01 - Maintaining Character Consistency Across Style & Environment

This experiment began with a personal brief. I wanted to announce that I was leaving Amazon after nine years. Rather than write a standard post, I chose to create a short animated piece that illustrated a journey.

The creative concept was simple. A character moves through different environments and visual styles, symbolising change, growth, and the unknown ahead.

The technical challenge sat underneath that idea. Could I maintain a consistent, recognisable character across multiple art styles and motion systems using generative tools?

The goal was not just to produce a polished video, but to stress test how well AI workflows can support narrative continuity, stylistic variation, and motion without losing identity.

Final Video

Challenge

Create a short animated journey using multiple visual styles while maintaining character consistency across image and video generation tools.

What I tested

Cross tool consistency between image and video generators
Prompt refinement for consistent character outputs
Style shifts without breaking recognisability
Motion realism versus stylised animation
How much manual correction is required to preserve identity

Tools Used

Grok - Video Creation

Nano Banana Pro - Character Concepts/ Scenery

Eleven Labs - Custom Sound Effects & Music

Phase 1 - Building Controlled Character Reference Sheets

I began by using real images of myself as base material.
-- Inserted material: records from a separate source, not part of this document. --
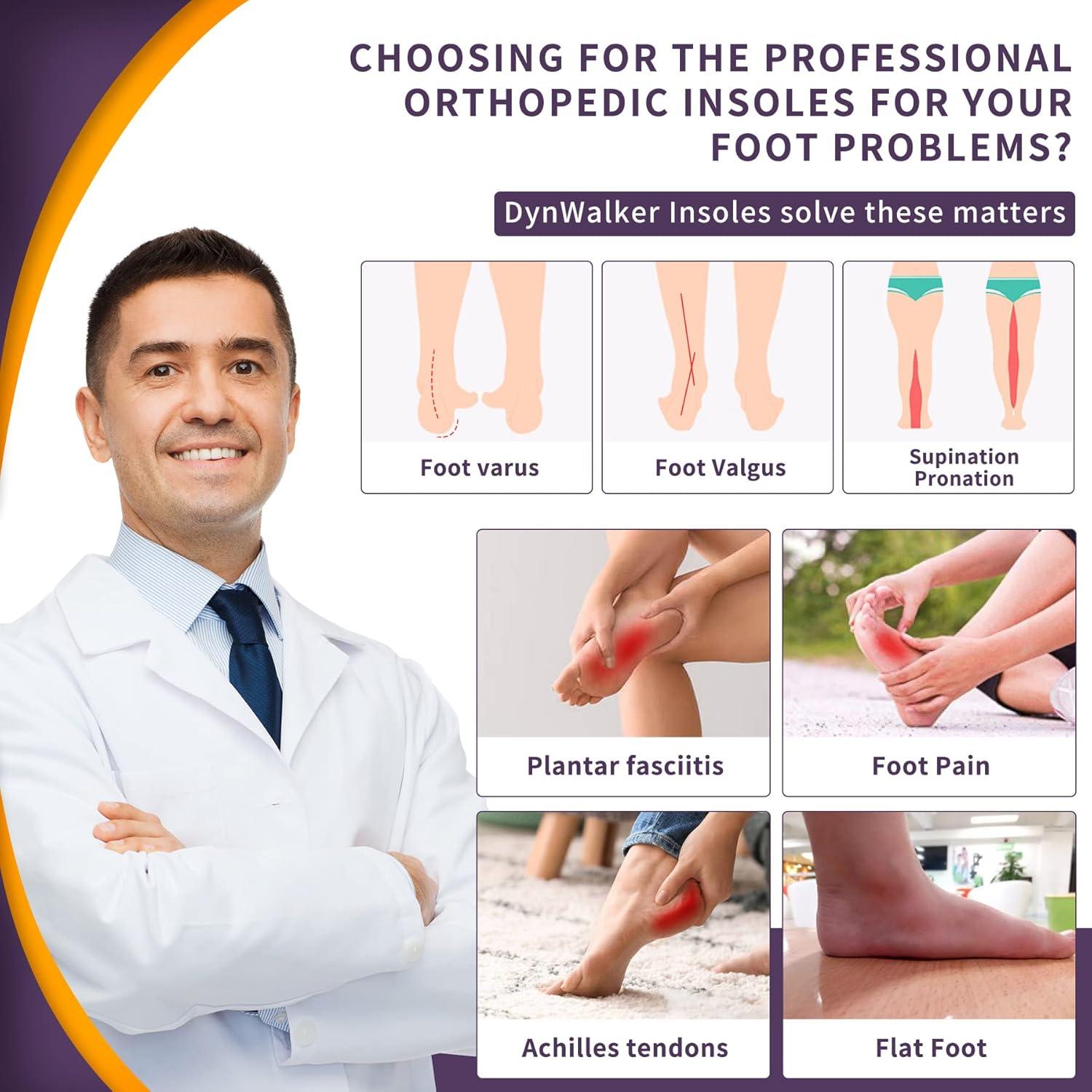 Plantillas Ortopédicas DynWalker para Fascitis Plantar - XXS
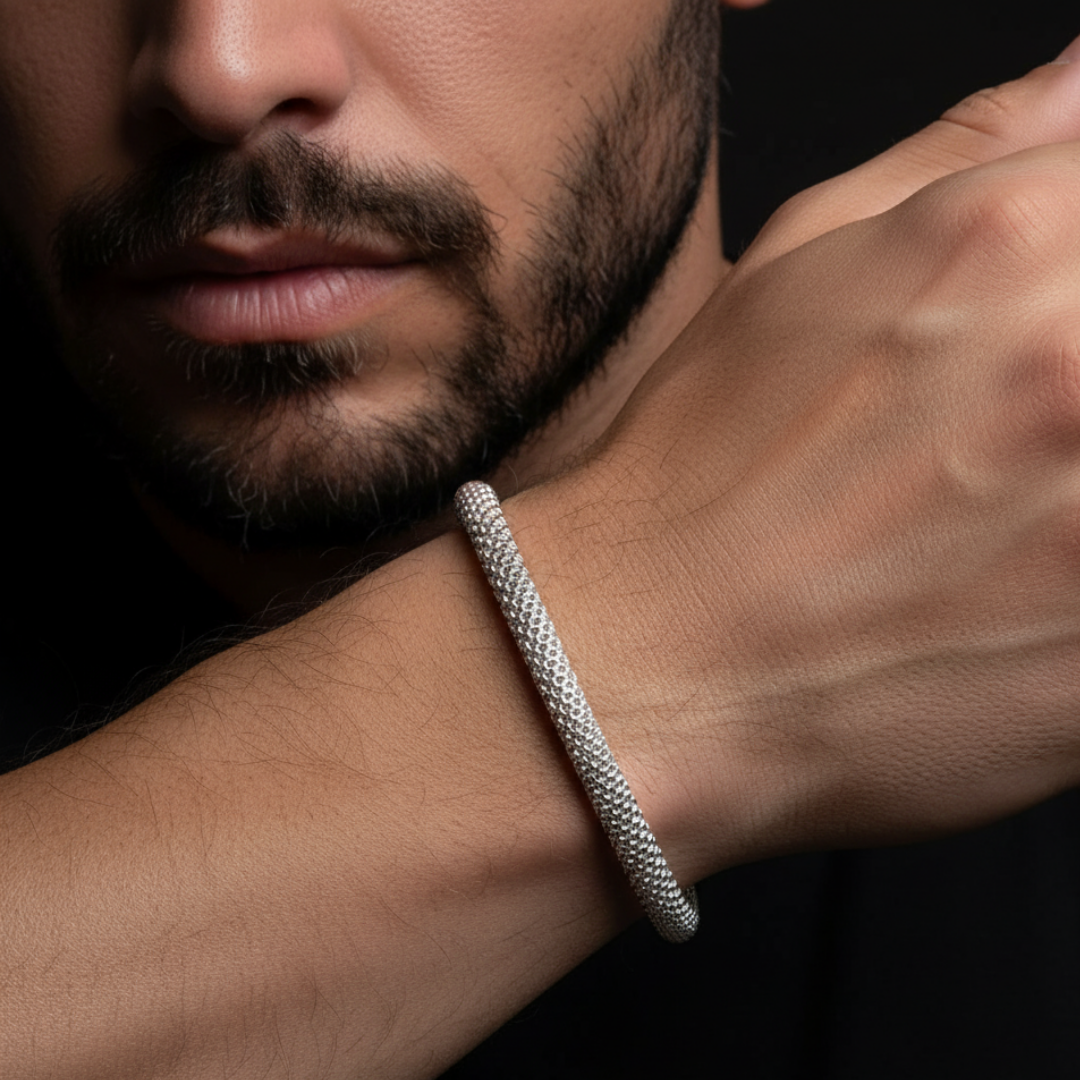 Pulseira-Masculina-de-Prata-Nexuss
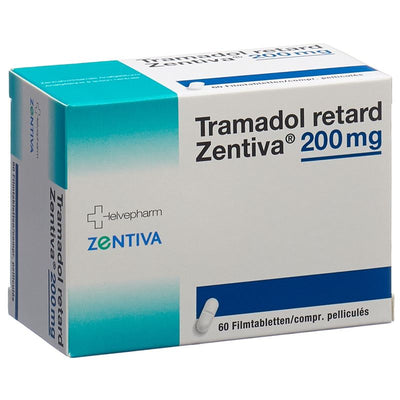 TRAMADOL retard Zentiva Ret Tabl 200 mg 60 Stk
From these, I generated multiple controlled 3D-style character reference sheets, including:

A stylised Pixar-inspired version
A more realistic cinematic version
Neutral front-facing reference renders

Each sheet defined:

Facial proportions
Hair structure
Colour palette
Skin tone
Lighting direction

The goal was not to generate “a cool version of me.” It was to create anchor assets that could stabilise identity across generations.These reference sheets became the foundation of the workflow.

Character Sheet Prompt

Create a professional character reference sheet based strictly on the uploaded reference image. Use a clean, neutral plain background and present the sheet as a technical model turnaround while matching the exact visual style of the reference (same realism level, rendering approach, texture, color treatment, and overall aesthetic). Arrange the composition into two horizontal rows.

Top row: four full-body standing views placed side-by-side in this order: front view, left profile view (facing left), right profile view (facing right), back view.

Bottom row: three highly detailed close-up portraits aligned beneath the full-body row in this order: front portrait, left profile portrait (facing left), right profile portrait (facing right). Maintain perfect identity consistency across every panel. Keep the subject in a relaxed A-pose and with consistent scale and alignment between views, accurate anatomy, and clear silhouette; ensure even spacing and clean panel separation, with uniform framing and consistent head height across the full-body lineup and consistent facial scale across the portraits. Lighting should be consistent across all panels (same direction, intensity, and softness), with natural, controlled shadows that preserve detail without dramatic mood shifts. Output a crisp, print-ready reference sheet look, sharp details. Place close attention to the face only from the second reference picture and the black glasses with the gold bar running across the top and across the nose.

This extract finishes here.